From Science Magazine:
They were humble farmers who grew corn and dwelt in subterranean pit
houses. But the people who lived 1200 years ago in a Utah village known
as Site 13,
near Canyonlands National Park in Utah, seem to have had at least
one indulgence: chocolate. Researchers report that half a dozen bowls
excavated from the
area contain traces of chocolate, the earliest known in North
America. The finding implies that by the end of the 8th century C.E.,
cacao beans, which grow
only in the tropics, were being imported to Utah from orchards
thousands of kilometers away.
The discovery could force archaeologists to rethink the widely held
view that the early people of the northern Southwest, who would go on to
build enormous
masonry "great houses" at New Mexico's Chaco Canyon and create fine
pottery, had little interaction with their neighbors in Mesoamerica.
Other scientists
are intrigued by the new claim, but also skeptical.

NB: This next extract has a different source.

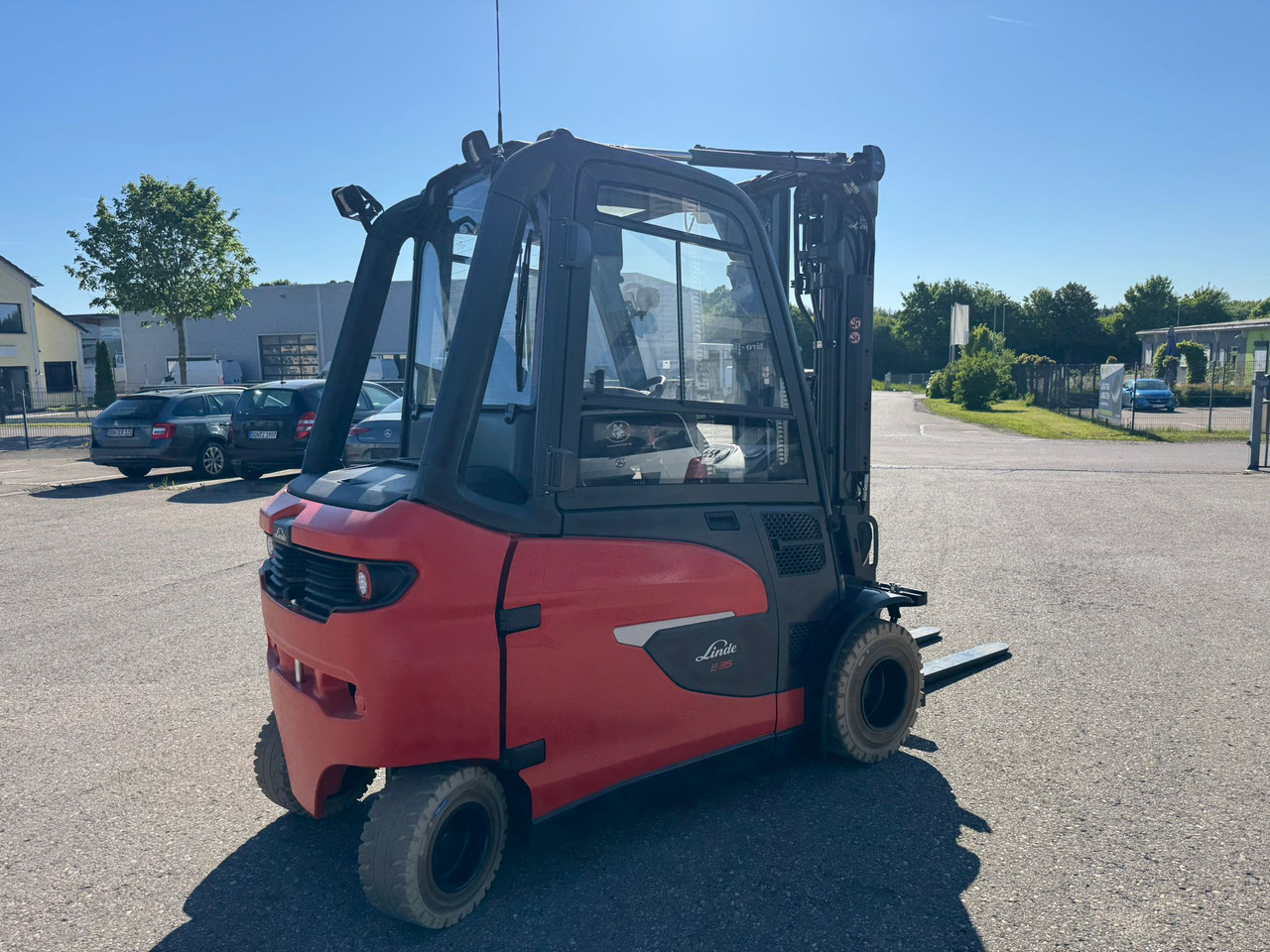 LINDE E35HL-01 - Электропогрузчик: фото 3 LINDE E35HL-01 - Электропогрузчик: фото 3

The new research is "exciting, no doubt. … Archaeologists have been
looking for Mesoamerican connections to the Southwest for 100 years,"
says Robert Hard
of the University of Texas, San Antonio, who specializes in the
archaeology of the Southwest and was not involved in the new study. But,
he says, "I'm not
convinced this is chocolate."
The findings stem from collaboration between Dorothy Washburn, an
archaeologist at the University of Pennsylvania's University Museum of
Archaeology and Anthropology in Philadelphia, and her husband William
Washburn, a chemist at Bristol-Myers Squibb in Princeton, New
Jersey. In an earlier study, they detected evidence of cacao in
pottery from 11th century burial sites in New Mexico's Chaco Canyon and
in vessels from
other Southwestern sites. As a follow-up, the scientists tested
bowls excavated in the 1930s from Site 13, which dates to roughly 770
C.E.
The researchers swirled water in the bowls, then analyzed the
compounds in the rinse water with a high-resolution liquid
chromatograph-mass spectrometer,
an instrument that separates the components of a mixture and then
determines the mass of each.
They found traces of theobromine and caffeine, both found in cacao, in nearly every Site 13 bowl they tested.
They also found the telltale molecules in vessels from other villages
close to Site 13 and from two Colorado villages. Site 13's cacao is the
oldest in
North America, eclipsing the Chaco chocolate by some 300 years.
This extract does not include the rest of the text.